INFORMATION SUPPLIED:
##########

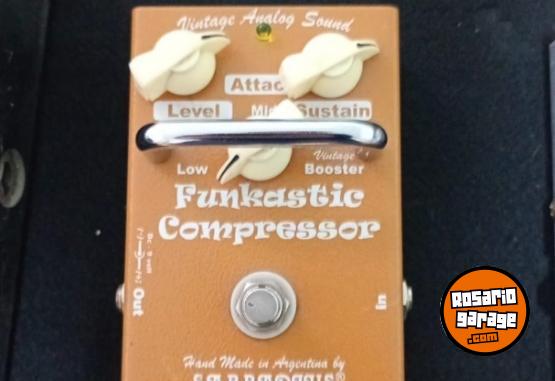 Instrumentos Musicales - Vendo todo! Guitarra + pedales + estuche rigido (leer descripción) - En Venta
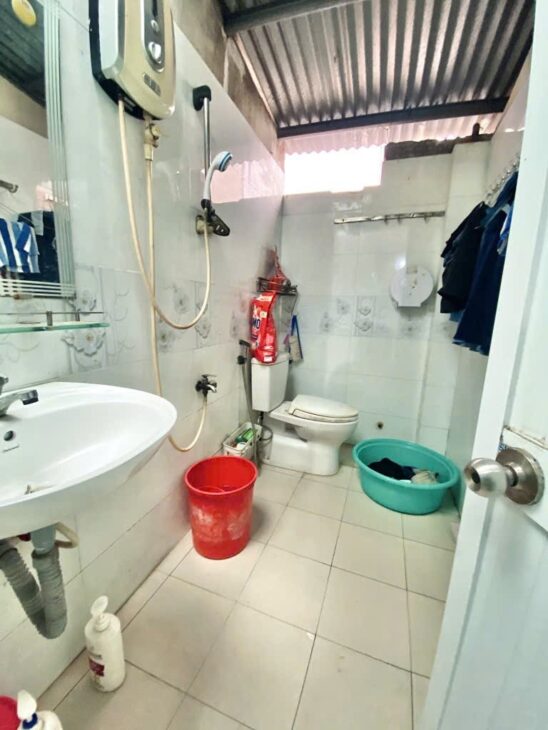 🔥 CHỦ BÁN GẤP – NHÀ HXH NGUYỄN VĂN QUÁ Q12 – 4PN, SÂN XE RỘNG – Chỉ 5.6 TỶ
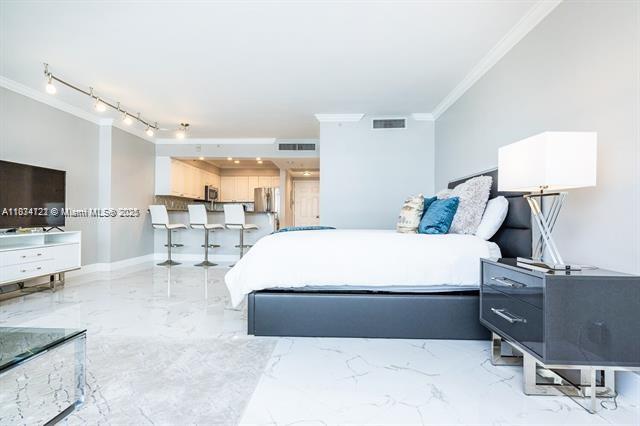 WAVE CONDO - Residential Lease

##########

WHAT IS BEING ASKED: Each line above is to be duplicated exactly, and the pictures are to be omitted.

RESPONSE BOX:
 Instrumentos Musicales - Vendo todo! Guitarra + pedales + estuche rigido (leer descripción) - En Venta
 🔥 CHỦ BÁN GẤP – NHÀ HXH NGUYỄN VĂN QUÁ Q12 – 4PN, SÂN XE RỘNG – Chỉ 5.6 TỶ
 WAVE CONDO - Residential Lease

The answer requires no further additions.